Photo: Ocean Malandra

A Colombian Boxing Legend Now Dishes Fish and Aphrodisiacs at His Iconic Cartagena Restaurant

Colombia Cartagena Restaurants + Bars Food + Drink
by Ocean Malandra Aug 6, 2021

Eating well is half the secret to a long, happy, and healthy life for Bonifacio Ávila Berrío, known in Cartagena, Colombia, as simply “El Bony.” The other half is staying as physically fit as a fiddle.

“I get up with the sun and come into the beach from my barrio to train every day,” Berrío tells me one weekday afternoon on the patio of his restaurant, Kiosko El Bony, which sits on the sand of Bocagrande Beach in front of Cartagena’s Hotel Caribe. At 72 years old, this former Colombian world championship boxer looks as nimble as many people in their 20s and 30s, and his speech is peppered with jokes and puns that show his mind is in top shape as well.

“When I was about 28 years old, a friend of mine said to me, ‘Right now it’s all good, but once you pass 38 years old, being a boxer is not really going to work anymore!’” Berrío says as he explains why a boxing champion at the height of his career decided to open a seafood restaurant well before he retired.

Now nearly four decades old, the restaurant is a true Cartagena icon, and one of the most highly recommended places to eat in the city. That’s no small feat with Cartagena being known as a food capital of Latin America. Visitors leave rave reviews for Kiosky el Bony and the locals swear by the potency of his “aphrodisiac” seafood cazuelas (stews).

“The cazuela aphrodisiaco is very strong,” Berrío explains. “It’s full of nutrients like phosphorus that give you energy and stamina. A lot of people come here just for that. They ask for the cazuela aphrodisiaco and then they leave ready to rumble.”

Bursting with shrimp, mussels, clams, and crab, the cazuela is also infused with herbs and spices that Berrío claims is the “authentic” way to do this Caribbean coast specialty, unlike the watered-down versions you get at most of the tourist-oriented restaurants in town. For Berrío, eating power-packed food like this was one of the keys to his success as a boxer, a career that he began in Cartagena in the early 1970s.

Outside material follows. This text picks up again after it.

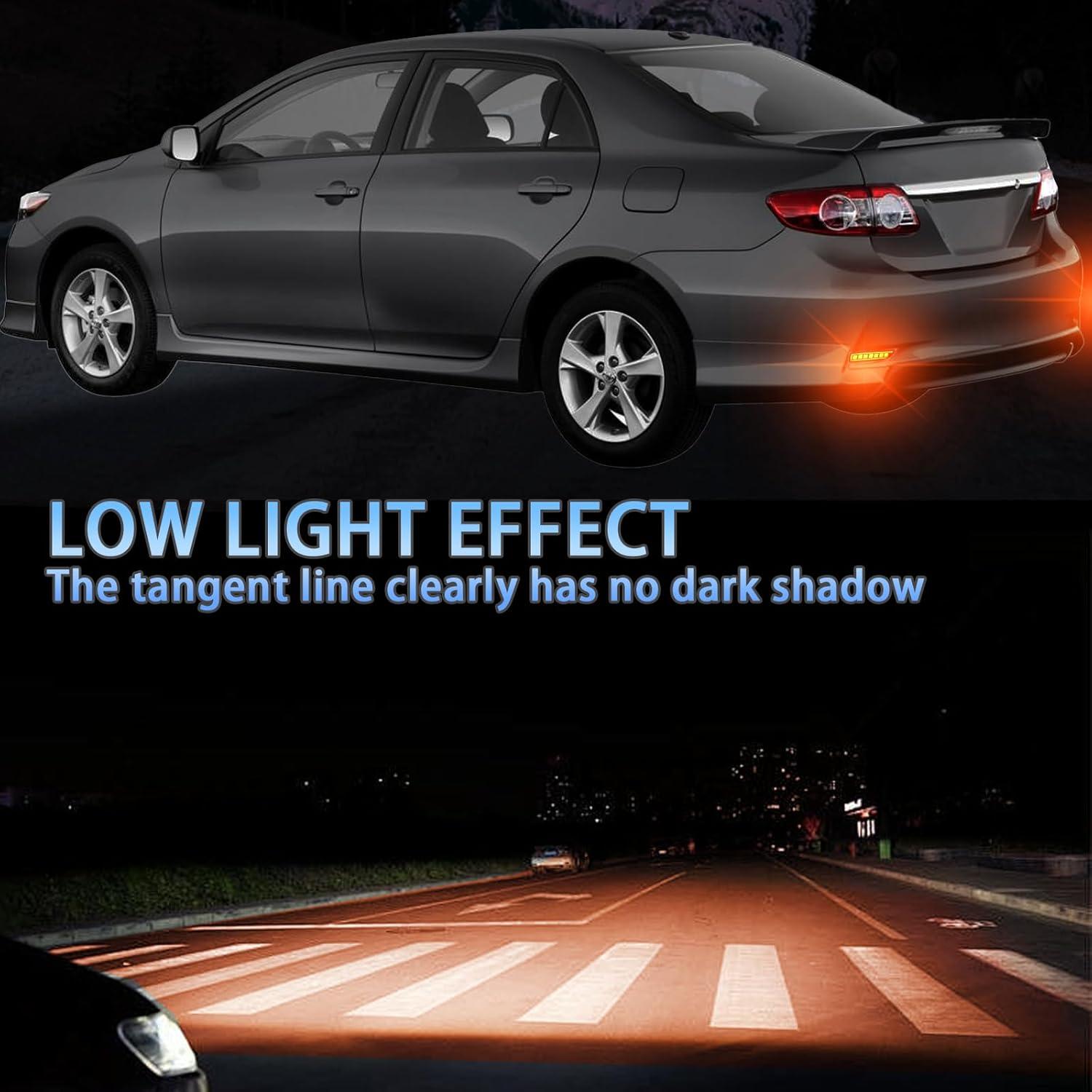 Reflectores LED traseros PGTOPONE para Toyota Corolla 2011-2013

Born in Colombia’s Caribbean department of Sucre, which lies just south of Cartagena, Berrío knew he wanted to be a boxer since he was a little kid. He came to Cartagena to learn from “El Chico de Hierro” (The Iron Kid), who was a famous boxing trainer that took the young Berrío under his wing. Berrío survived by selling mangos on the beach by day and fishing under the Manga bridge by night, and in between, he quickly became a local boxing legend. Locals say that one of the ways he trained is by chasing and catching iguanas, much like how Rocky Balboa trained by chasing chickens in the Hollywood movie.

Berrío’s big break came when Puerto Rican boxing legend Nelson Lasalle came to Cartagena, and the two squared off in front of a packed crowd in Cartagena’s historic bullfighting ring Plaza de Toros. Berrío knocked Lasalle out cold in the sixth round. The victory changed his life forever.

“Not long after that fight, I went to Germany to box in the Olympics,” Berrío recalls. “And later I went to England, to South Africa, and to Canada.” All in all, Bony fought 34 matches as the middle-weight champion of Colombia. He retired from boxing in 1978 to his beachfront restaurant, where you’ll still find him overseeing operations seven days a week.

“I had worked a lot in my younger years, including right here on this beach,” Berrío says, gesturing to the golden sands and packed chairs of the Bocagrande beach. The ancient domes and spires of Cartagena’s Old City lie shimmering in the distance across the water.. “So I was happy and content to come back to the beach.”

No stranger to the sea himself, Berrío used to have his own team of a half dozen fishermen that supplied the restaurant with freshly caught fare every day. But nowadays, he says it’s easier to just hit the massive Bazurto market in the morning, where local boats show up after hours of pre-dawn fishing with nets bursting full of local species like pargo rojo (red snapper), lebranche (mullet) and sierra (swordfish).

It’s perhaps this dedication to fresh and healthy ingredients — equal to his dedication to boxing that catapulted him from the streets of Cartagena to national champ, that is behind Berrío’s success as a restaurateur. There’s nothing fancy about Kiosko el Bony. In fact, it looks like something out of the Jersey Shore with its Formica tables and simple chairs. But once the food comes steaming out of the kitchen, that’s where everyone’s attention goes.

Even on this weekday afternoon, the place is packed both inside and outside, both in the dining room and out on the patio. Waiters and cooks rush around, many of them Berrío’s family members, and all of them with a similar wry sense of humor that attempts to turn everything into an innocent, but often pertinent, joke.

“Those who don’t come to my restaurant,” Berrío says laughing, “well, to tell the truth, it’s like they never really came to Cartagena.”